国の枠を超え

 ウクライナと台湾はまったく事情がちがう。だからまちがえるなと、アメリカ駐在の中国大使がいっています。
 中国大使がアメリカの新聞に寄稿するのはめずらしいことですが、ワシントン・ポストが中国の宣伝に乗る形でこれを掲載したのは、ロシアであれ中国であれ言い分があれば聞く、それが言論の自由だということでしょう(Opinion: Chinese ambassador: Where we stand on Ukraine. By Qin Gang. March 15, 2022, The Washington Post)。

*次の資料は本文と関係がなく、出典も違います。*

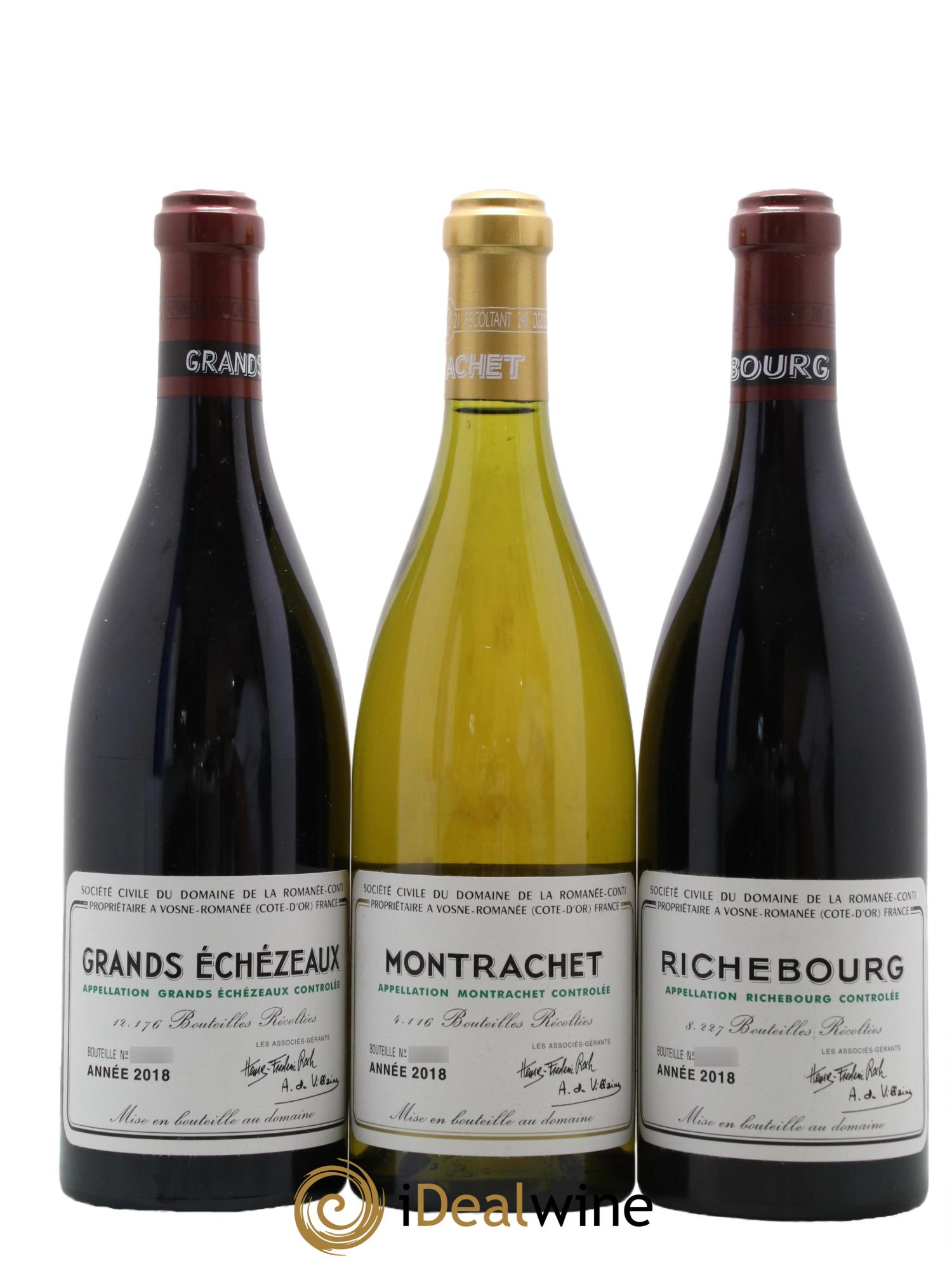 Assortiment 2018 du Domaine de la Romanée-Conti Domaine de la Romanée-Conti 2 Echezeaux, 1 Grands Echezeaux,1 Montrachet, 3 La Tâche, 1 Richebourg, 2 Romanée St Vivant, 1 Romanée Conti 2018 - Lotto di 11 bottiglie - 3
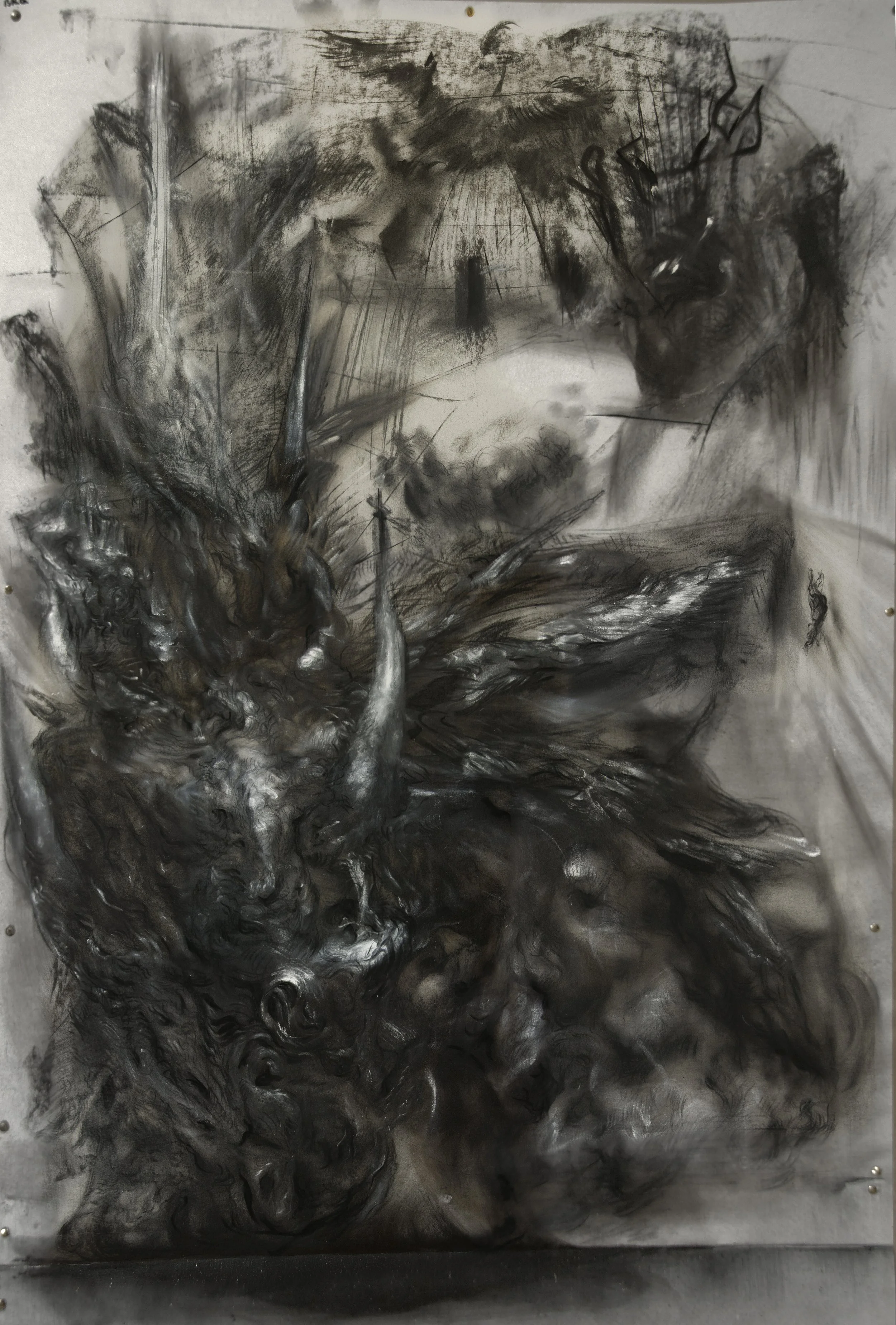 22-CP-02, 
Tauro della guerra, 
charcoal, titanium dioxide on paper
100x145 cm
2021–2022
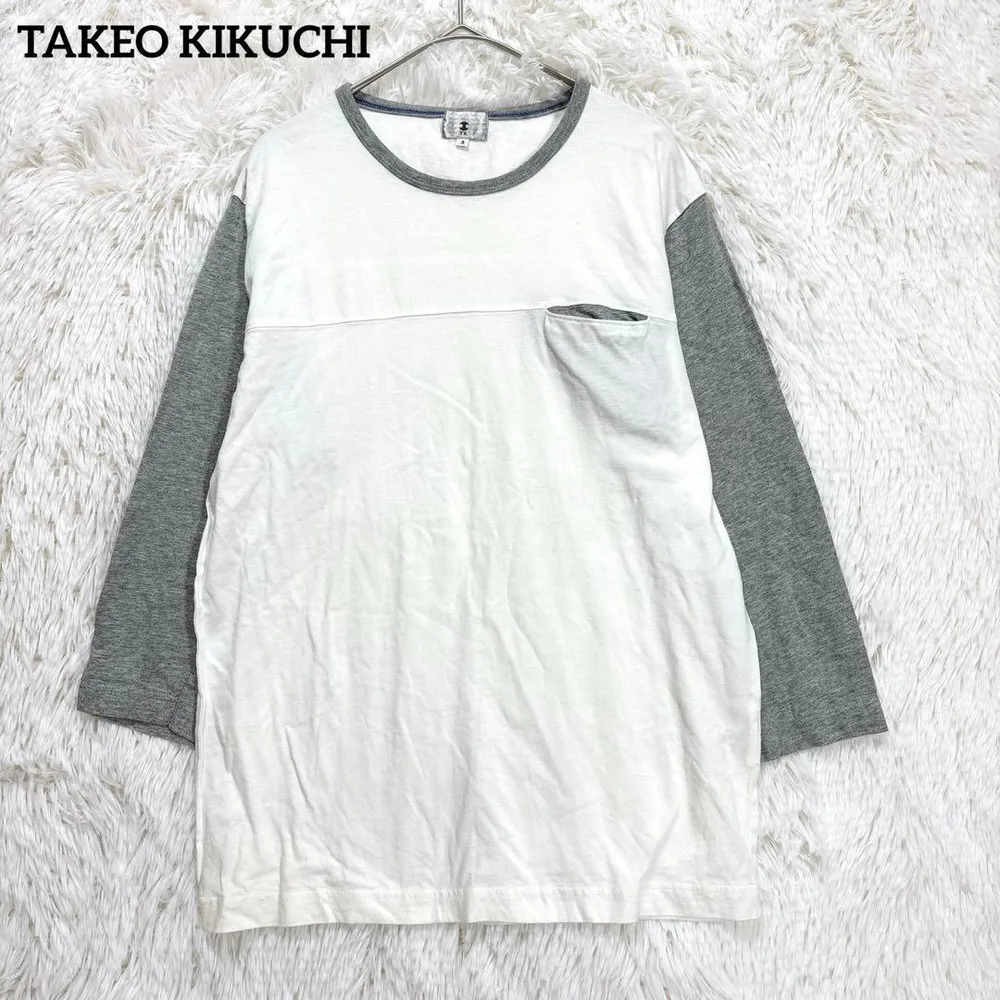 TK タケオキクチ Tシャツ ホワイト グレー 七分袖 サイズ3 綿100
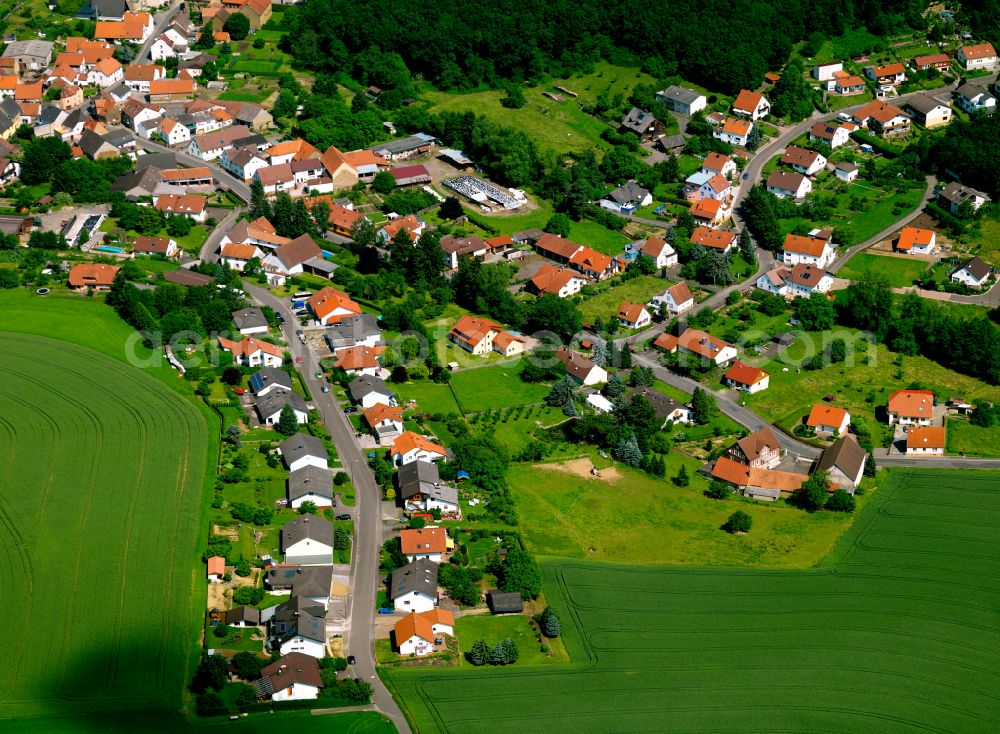 Dörnbach from above - Agricultural land and field boundaries surround the settlement area of the village in Dörnbach in the state Rhineland-Palatinate, Germany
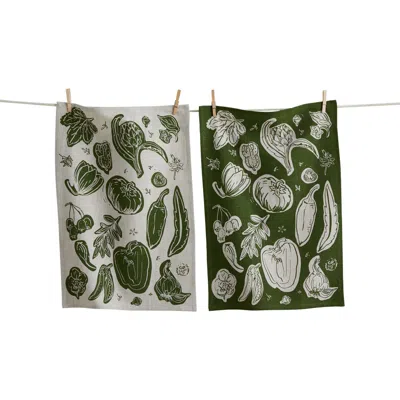 Tag Canyon Print Veggies Dishtowel S/2 Olive Olive Cotton Everyday In Green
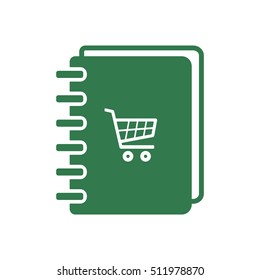 Notebook  icon.  Flat design.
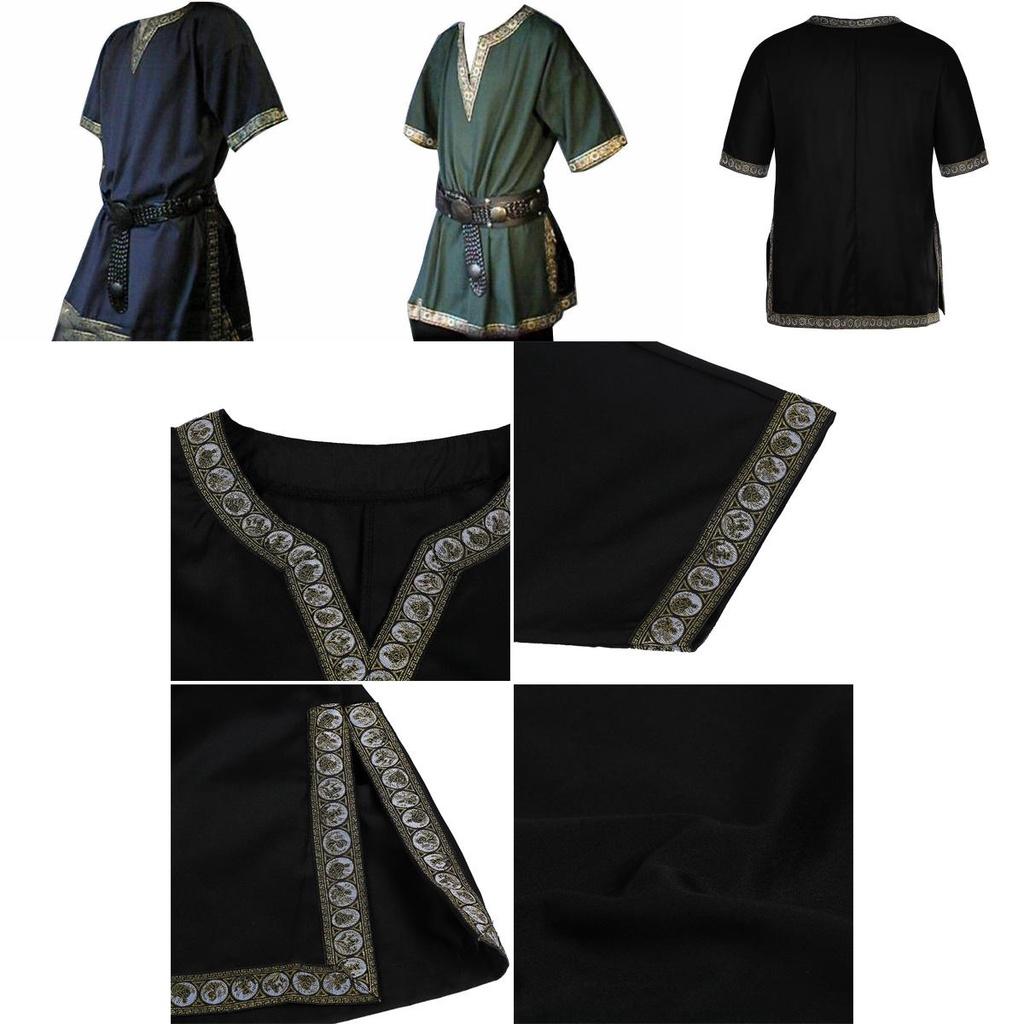 Stylish V-neck Medieval Tunic Top Shirt For Men Perfect For Renaissance Festivals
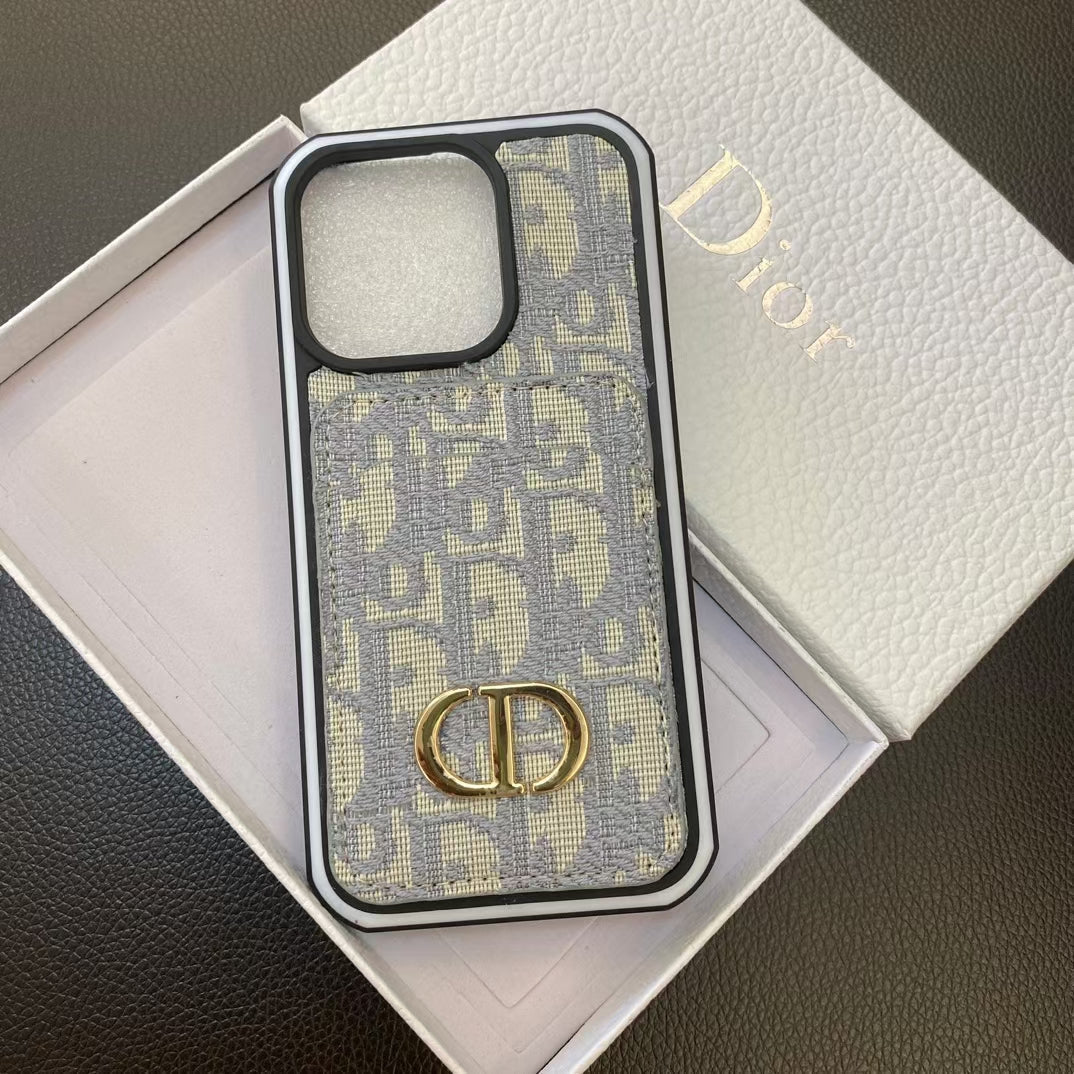 Dior-inspired chic lady iPhone case with card holder
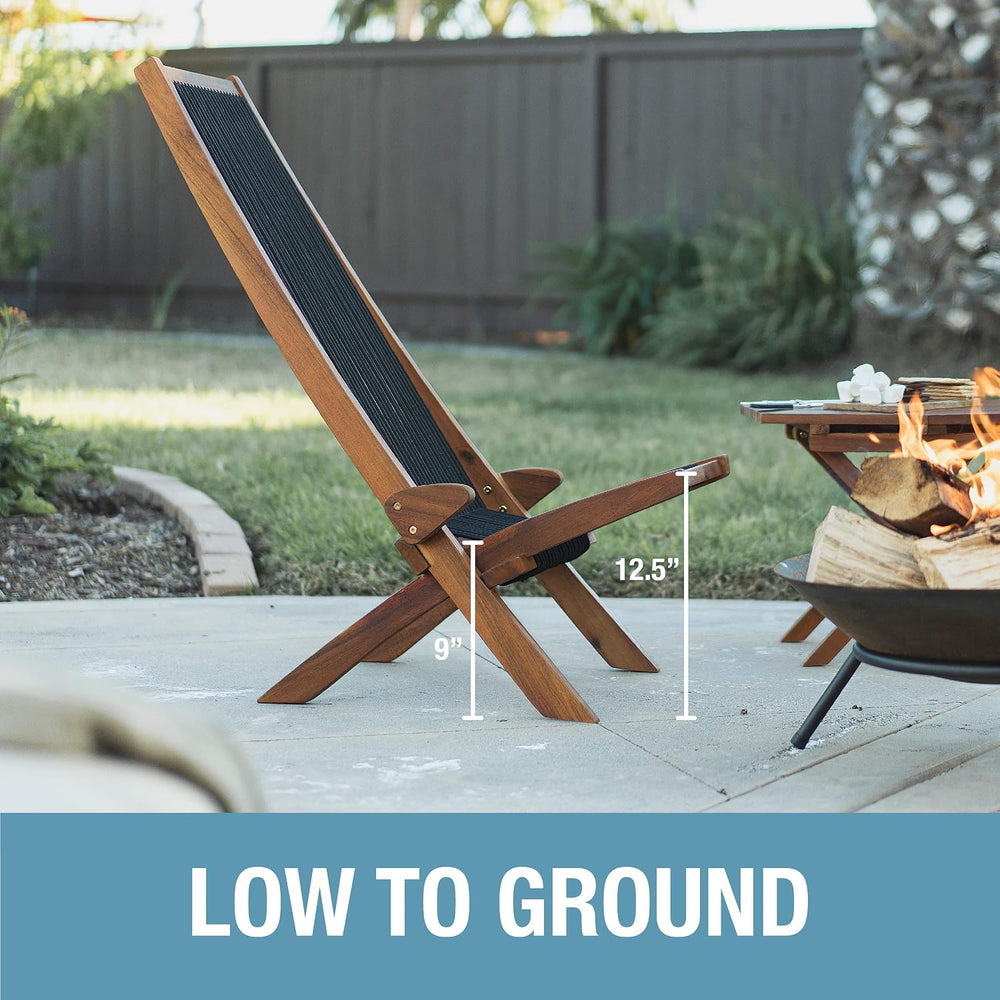 CleverMade Tamarack Folding Rope Chair - Foldable Outdoor Low Profile Wood Lo...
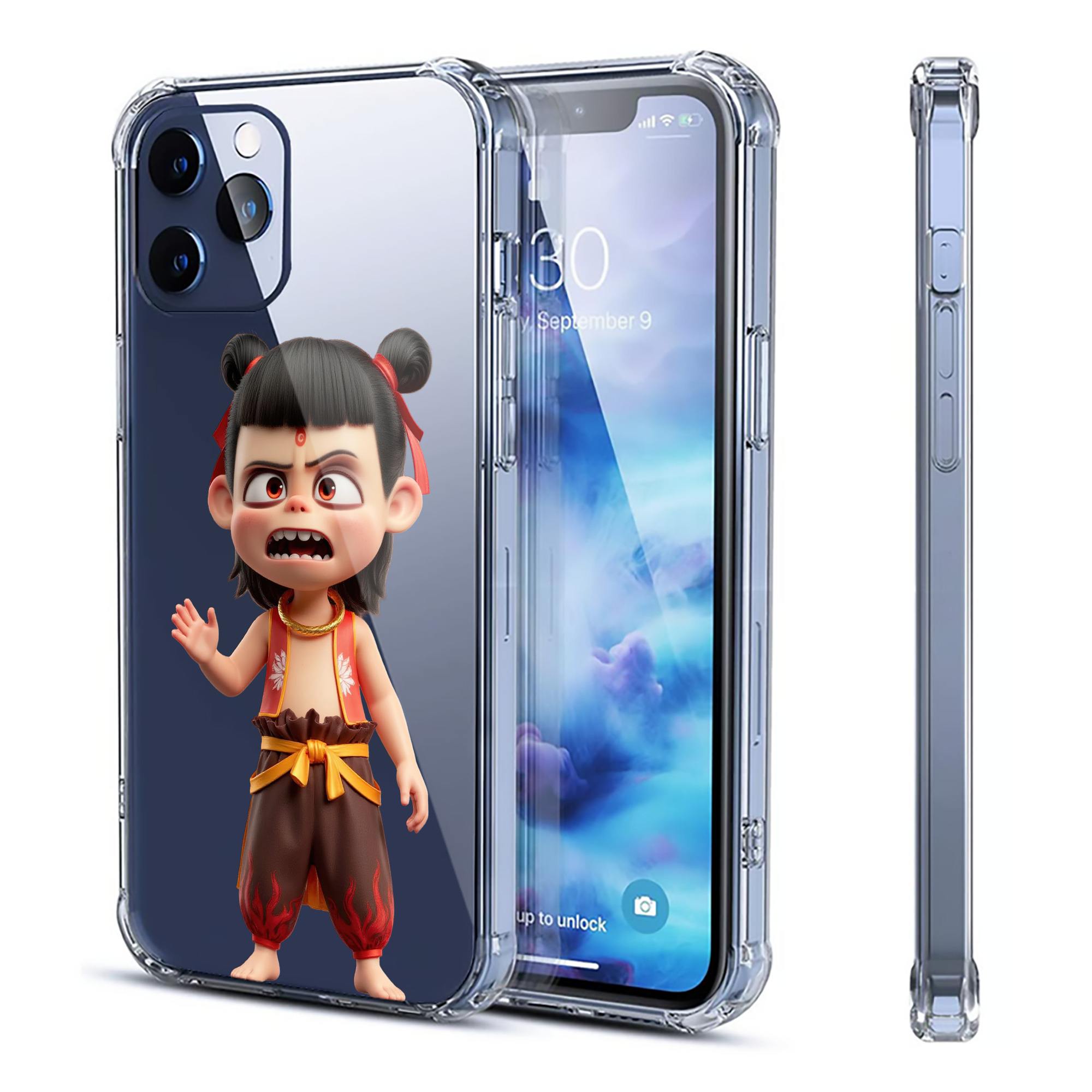 （画像用） Ne Zha 2 ナタ 魔童の大暴れ 【iPhone 12シリーズ対応】透明スマホケース（クリアソフトケース）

 中国の秦剛(チン・ガン)駐米大使は、ウクライナ戦争について要旨こういっています。
・・・ロシアがウクライナに侵攻するのを、中国は事前に知っていて止めなかったとか、北京五輪が終わるまで待つよう頼んだとかのうわさがあるが、根も葉もないことだ。中国は国連憲章を尊重し、各国の領土と主権を尊重する。もちろんウクライナの主権も守られなければならない。だから一貫して戦争ではなく平和的な解決を主張している。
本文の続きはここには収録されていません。